Long Term Guidance: We'd continue to advocate against trying to "get ahead" of current market movements due to the high degree of uncertainty. While it's a reasonably safe assumption that European concerns will generally help rates stay lower than they otherwise would be, that "otherwise would be" part is very much a moving target. Best bet is to focus on the fact that rates are at their all time lows, and can change quickly based on events that aren't "scheduled" or able to be forecast. Risk vs reward for floating vs locking looks a bit larger than we'd like, but not out of the question for those who understand the risks and have an exit strategy if things don't go their way.
Loan Originator Perspectives
Ted Rood, Senior Mortgage Consultant, Wintrust Mortgage
Friday is the big data day with non farms payroll report. That being said, this market seems semi-immune to domestic economic data these days due to ongoing EU issues. Would take a remarkable jobs report to swing pricing substantially, less inclined to worry about it than most previous months.
Bob Van Gilder, Finance One Mortgage
Put some burgers on the BBQ and enjoy your family and friends for this 4th of July! Rates remain sizzling. How would you like yours? Lock it if it's what you waited for...float if you have the stomach for it.
Victor Burek at Benchmark Mortgage
I feel rates are going to continue to move sideways to lower for the foreseeable future. I see no reason to lock any loan that isnt within 15 days of closing. Have a safe 4th of July.
Ira Selwin, Vice President of Secondary Marketing
Don't let your rate blow up before the 4th of July. Lock your rate if the rate you need is available. Though it seems rates may be invincible, you don't want to be on the wrong side of things if that's not the case.
Matt Hodges, Loan Officer, Presidential Mortgage Group
Locking any purchases inside 45 days and refinances certainly if they are approved and appraisal is back.
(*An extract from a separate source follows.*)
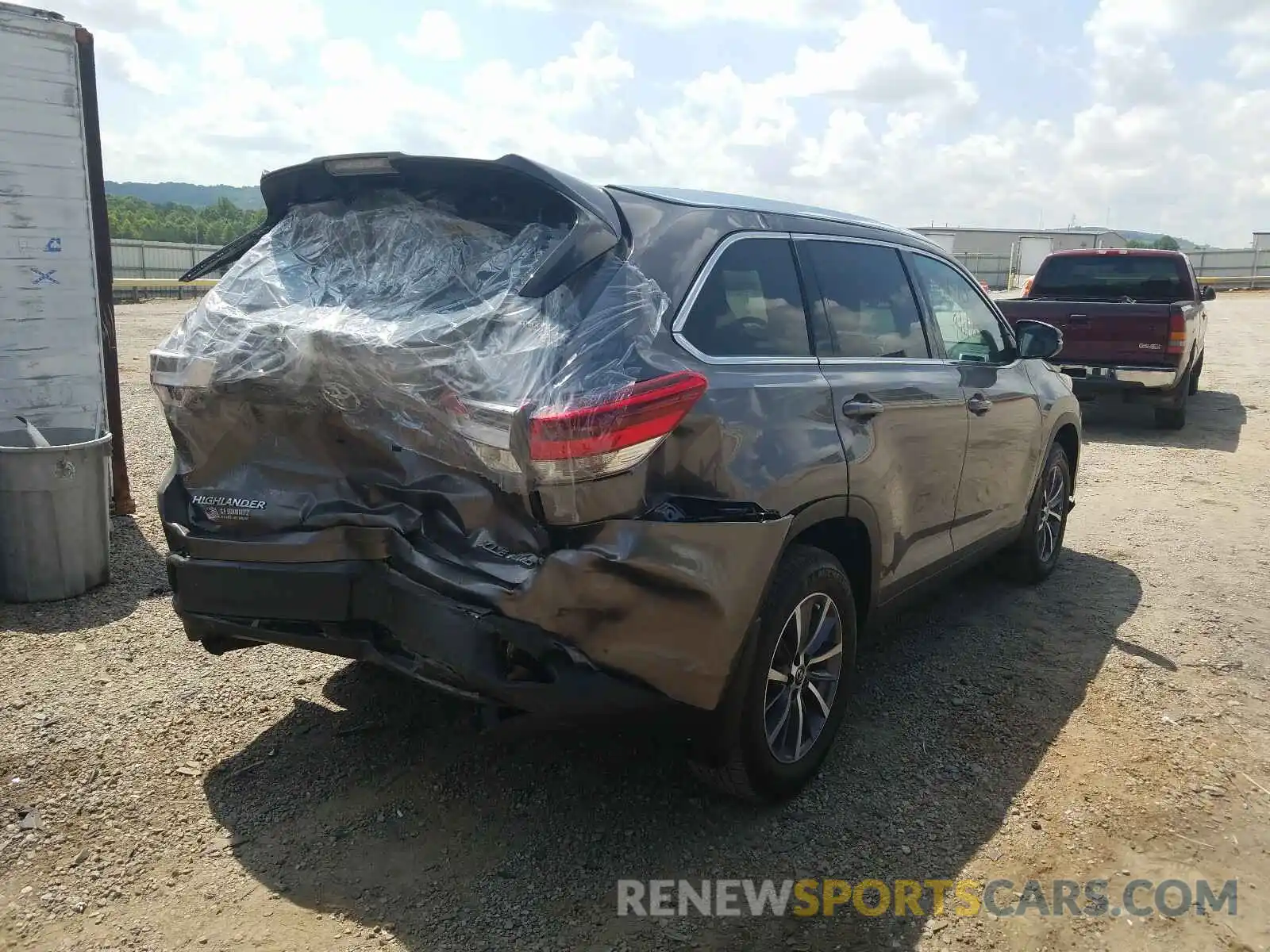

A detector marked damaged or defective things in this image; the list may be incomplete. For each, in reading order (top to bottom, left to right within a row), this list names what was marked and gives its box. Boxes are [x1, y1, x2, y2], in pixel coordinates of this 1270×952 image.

I don't know that Friday's NFP and unemployment numbers help us at all. They may hurt if they are in line or stronger than expected. Don't get greedy. Lock it down!
Today's BEST-EXECUTION Rates
- 30YR FIXED - 3.625%
- FHA/VA -3.5% - 3.75%
- 15 YEAR FIXED - 3.00%
- 5 YEAR ARMS - 2.625-3. 25% depending on the lender
Ongoing Lock/Float Considerations
- Rates and costs continue to operate near all time best levels
- Current levels have experienced increasing resistance in improving much from here
- Rates could easily move higher or lower, but given the nearness to all time lows, there's generally more risk than reward regarding floating
- But that will always be the case when rates operate near all-time levels, and as 2011 showed us, it doesn't always mean they're done improving.
- (As always, please keep in mind that our talk of Best-Execution always pertains to a completely ideal scenario. There can be all sorts of reasons that your quoted rate would not be the same as our average rates, and in those cases, assuming you're following along on a day to day basis, simply use the Best-Ex levels we quote as a baseline to track potential movement in your quoted rate).